Naïve optimization using point estimates for unknown variables overstates an agent’s knowledge, and can lead to premature and suboptimal exploitation. To offset this, the majority of provably efficient learning algorithms use a principle known as optimism in the face of uncertainty to encourage exploration. In such an algorithm, each state and action is afforded some optimism bonus such that their value to the agent is modeled to be as high as is statistically plausible. The agent will then choose a policy that is optimal under this “optimistic” model of the environment. This incentivizes exploration since poorly-understood states and actions will receive a higher optimism bonus. As the agent resolves its uncertainty, the effect of optimism is reduced and the agent’s behavior approaches optimality. Many authors have provided strong theoretical guarantees for optimistic algorithms . In fact, almost all reinforcement learning algorithms with polynomial bounds on sample complexity employ optimism to guide exploration.

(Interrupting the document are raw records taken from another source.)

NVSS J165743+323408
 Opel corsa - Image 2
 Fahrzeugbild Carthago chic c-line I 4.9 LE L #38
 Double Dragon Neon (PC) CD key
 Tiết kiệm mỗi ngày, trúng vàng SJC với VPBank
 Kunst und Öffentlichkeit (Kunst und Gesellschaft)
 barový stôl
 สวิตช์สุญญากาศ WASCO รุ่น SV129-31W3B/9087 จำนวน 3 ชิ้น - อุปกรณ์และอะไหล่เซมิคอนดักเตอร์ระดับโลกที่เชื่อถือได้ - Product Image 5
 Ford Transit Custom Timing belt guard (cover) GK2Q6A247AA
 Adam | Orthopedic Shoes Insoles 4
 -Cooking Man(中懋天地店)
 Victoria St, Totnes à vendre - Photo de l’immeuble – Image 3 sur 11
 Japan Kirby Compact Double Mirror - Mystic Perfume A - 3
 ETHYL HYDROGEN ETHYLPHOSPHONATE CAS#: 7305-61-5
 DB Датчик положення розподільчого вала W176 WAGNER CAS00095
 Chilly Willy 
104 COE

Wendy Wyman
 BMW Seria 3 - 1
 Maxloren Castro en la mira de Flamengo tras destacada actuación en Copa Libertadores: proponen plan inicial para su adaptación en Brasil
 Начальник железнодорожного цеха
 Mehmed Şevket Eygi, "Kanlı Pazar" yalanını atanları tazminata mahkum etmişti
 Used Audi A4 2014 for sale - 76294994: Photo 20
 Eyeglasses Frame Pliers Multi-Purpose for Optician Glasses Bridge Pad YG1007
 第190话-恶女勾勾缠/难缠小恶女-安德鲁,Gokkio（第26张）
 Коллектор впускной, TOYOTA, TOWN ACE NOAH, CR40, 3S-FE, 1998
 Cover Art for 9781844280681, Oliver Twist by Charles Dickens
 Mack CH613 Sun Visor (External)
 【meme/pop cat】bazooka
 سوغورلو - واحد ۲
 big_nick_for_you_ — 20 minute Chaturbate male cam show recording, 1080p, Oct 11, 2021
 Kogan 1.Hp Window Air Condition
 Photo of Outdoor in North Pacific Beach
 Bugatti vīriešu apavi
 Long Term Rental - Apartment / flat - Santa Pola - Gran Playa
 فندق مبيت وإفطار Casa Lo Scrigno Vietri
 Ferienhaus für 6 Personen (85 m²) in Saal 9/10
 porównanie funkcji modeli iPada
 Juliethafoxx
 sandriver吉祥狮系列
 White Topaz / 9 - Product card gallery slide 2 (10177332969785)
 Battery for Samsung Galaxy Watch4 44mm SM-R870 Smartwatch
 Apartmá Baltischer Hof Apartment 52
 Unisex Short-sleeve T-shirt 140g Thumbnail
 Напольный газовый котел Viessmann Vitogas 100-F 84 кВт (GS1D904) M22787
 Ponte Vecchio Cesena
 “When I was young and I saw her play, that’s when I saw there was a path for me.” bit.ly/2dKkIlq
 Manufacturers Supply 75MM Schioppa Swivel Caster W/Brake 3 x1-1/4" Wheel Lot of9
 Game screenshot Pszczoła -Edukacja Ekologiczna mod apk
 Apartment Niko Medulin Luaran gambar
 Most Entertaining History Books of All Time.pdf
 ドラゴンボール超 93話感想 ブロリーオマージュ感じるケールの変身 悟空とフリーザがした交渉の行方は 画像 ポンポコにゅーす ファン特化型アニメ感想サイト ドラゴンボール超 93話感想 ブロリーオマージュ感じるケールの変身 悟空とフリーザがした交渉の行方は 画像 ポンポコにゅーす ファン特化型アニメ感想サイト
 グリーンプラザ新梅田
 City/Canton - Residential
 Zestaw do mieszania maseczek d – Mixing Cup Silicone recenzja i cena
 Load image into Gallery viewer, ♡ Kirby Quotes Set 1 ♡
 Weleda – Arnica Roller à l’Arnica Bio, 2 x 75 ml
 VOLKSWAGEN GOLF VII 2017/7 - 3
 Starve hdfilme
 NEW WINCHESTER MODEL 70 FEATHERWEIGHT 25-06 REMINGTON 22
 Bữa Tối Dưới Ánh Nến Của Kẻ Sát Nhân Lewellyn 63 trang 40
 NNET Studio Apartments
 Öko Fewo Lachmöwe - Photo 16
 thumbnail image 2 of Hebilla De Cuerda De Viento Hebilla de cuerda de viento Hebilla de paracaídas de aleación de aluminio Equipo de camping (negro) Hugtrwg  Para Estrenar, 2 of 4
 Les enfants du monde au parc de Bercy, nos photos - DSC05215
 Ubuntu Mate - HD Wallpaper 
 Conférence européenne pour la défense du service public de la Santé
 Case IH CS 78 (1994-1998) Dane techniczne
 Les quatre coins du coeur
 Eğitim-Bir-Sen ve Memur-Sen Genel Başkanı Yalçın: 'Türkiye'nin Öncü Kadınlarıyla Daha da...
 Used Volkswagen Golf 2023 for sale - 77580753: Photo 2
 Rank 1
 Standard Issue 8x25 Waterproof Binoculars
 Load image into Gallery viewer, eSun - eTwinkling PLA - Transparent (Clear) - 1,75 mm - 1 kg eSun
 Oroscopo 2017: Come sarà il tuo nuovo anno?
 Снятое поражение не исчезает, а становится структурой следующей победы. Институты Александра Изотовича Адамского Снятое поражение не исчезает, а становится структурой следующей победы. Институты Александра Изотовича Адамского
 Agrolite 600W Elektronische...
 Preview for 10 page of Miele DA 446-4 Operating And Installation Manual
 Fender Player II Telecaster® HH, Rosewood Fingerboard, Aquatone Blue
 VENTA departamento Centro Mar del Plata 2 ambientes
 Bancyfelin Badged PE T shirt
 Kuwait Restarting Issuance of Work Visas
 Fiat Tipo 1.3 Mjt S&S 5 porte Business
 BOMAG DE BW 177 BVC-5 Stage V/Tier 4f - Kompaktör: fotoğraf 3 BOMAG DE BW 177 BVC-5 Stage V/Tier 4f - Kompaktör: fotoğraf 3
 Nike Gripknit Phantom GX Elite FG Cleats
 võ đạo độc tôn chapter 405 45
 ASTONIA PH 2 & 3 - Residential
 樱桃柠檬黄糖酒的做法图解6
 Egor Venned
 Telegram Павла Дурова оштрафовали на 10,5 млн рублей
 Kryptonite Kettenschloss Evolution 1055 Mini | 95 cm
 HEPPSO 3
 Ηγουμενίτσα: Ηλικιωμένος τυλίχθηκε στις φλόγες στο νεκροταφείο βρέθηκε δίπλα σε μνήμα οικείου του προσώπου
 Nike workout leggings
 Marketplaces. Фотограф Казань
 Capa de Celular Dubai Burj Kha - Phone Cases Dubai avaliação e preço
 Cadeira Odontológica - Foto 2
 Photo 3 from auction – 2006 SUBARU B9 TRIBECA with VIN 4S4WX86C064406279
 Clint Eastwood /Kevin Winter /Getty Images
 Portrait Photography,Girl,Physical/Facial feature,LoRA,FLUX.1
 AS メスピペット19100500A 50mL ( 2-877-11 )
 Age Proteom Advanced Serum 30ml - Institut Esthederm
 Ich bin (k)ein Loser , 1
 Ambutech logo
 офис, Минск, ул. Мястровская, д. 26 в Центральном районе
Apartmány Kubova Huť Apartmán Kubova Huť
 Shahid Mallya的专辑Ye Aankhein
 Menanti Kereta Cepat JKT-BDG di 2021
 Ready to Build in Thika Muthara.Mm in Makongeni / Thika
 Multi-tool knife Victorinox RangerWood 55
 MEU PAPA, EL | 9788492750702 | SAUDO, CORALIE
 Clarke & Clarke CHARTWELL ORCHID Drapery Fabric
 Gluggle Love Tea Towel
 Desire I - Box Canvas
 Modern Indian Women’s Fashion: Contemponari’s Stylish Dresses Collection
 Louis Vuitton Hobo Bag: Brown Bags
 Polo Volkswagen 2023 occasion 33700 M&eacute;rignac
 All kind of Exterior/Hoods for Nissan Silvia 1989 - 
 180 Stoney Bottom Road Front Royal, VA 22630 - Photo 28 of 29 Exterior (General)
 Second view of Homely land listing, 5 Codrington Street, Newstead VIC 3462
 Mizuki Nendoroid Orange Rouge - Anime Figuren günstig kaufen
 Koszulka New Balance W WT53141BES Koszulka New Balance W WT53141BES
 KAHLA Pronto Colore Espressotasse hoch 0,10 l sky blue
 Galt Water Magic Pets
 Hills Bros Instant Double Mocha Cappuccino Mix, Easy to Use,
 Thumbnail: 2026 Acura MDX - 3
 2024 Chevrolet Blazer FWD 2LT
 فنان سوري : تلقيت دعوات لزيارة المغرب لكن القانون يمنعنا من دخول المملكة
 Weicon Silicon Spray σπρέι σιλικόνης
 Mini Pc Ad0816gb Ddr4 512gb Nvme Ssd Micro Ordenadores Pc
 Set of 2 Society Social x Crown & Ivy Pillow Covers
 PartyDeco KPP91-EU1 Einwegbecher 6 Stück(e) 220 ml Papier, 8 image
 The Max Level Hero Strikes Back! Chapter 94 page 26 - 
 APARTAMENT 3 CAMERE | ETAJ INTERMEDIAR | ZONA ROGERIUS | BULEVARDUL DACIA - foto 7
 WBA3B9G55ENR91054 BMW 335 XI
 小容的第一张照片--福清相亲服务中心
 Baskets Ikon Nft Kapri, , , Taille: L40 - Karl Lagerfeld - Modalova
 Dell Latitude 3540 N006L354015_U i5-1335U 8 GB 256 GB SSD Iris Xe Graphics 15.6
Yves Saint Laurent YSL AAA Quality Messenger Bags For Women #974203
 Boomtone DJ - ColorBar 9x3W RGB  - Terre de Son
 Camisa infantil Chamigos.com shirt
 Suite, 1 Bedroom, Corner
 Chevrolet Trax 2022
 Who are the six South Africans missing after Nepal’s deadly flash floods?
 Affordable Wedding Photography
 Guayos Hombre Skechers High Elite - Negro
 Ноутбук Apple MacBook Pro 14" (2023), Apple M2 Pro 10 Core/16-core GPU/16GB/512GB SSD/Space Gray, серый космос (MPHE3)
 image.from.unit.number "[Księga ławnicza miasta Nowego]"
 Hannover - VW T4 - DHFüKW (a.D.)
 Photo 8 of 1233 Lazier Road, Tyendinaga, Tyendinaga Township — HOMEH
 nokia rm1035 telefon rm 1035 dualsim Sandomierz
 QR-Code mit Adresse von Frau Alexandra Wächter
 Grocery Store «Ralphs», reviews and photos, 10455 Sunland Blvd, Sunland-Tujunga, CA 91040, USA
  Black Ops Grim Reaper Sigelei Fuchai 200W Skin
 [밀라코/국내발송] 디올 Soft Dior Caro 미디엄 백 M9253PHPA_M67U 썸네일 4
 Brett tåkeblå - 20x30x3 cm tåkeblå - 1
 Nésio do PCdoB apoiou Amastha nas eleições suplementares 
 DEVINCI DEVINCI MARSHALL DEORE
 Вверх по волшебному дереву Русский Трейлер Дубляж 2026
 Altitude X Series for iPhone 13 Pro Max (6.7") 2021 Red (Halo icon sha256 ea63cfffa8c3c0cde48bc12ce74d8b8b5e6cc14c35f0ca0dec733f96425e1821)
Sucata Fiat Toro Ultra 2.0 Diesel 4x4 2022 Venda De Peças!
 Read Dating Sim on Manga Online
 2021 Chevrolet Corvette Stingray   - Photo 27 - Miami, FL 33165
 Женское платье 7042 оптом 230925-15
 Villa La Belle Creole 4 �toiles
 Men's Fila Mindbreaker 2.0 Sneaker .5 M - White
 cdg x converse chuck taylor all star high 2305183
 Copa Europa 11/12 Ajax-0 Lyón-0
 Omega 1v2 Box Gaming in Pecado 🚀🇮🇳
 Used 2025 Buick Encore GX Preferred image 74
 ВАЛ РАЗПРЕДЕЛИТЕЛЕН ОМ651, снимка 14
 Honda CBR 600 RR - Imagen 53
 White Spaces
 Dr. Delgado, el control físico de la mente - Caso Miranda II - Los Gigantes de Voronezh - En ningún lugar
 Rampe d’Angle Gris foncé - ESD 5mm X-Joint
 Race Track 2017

We study an alternative approach to efficient exploration, posterior sampling, and provide finite time bounds on regret. We model the agent’s initial uncertainty over the environment through a prior distribution.For an MDP, this might be a prior over transition dynamics and reward distributions. At the start of each episode, the agent chooses a new policy, which it follows for the duration of the episode. Posterior sampling for reinforcement learning (PSRL) selects this policy through two simple steps. First, a single instance of the environment is sampled from the posterior distribution at the start of an episode. Then, PSRL solves for and executes the policy that is optimal under the sampled environment over the episode. PSRL randomly selects policies according to the probability they are optimal; exploration is guided by the variance of sampled policies as opposed to optimism.

The idea of posterior sampling goes back to 1933 and has been applied successfully to multi-armed bandits. In that literature, the algorithm is often referred to as Thompson sampling or as probability matching. Despite its long history, posterior sampling was largely neglected by the multi-armed bandit literature until empirical studies demonstrated that the algorithm could produce state of the art performance. This prompted a surge of interest, and a variety of strong theoretical guarantees are now available . Our results suggest this method has great potential in reinforcement learning as well.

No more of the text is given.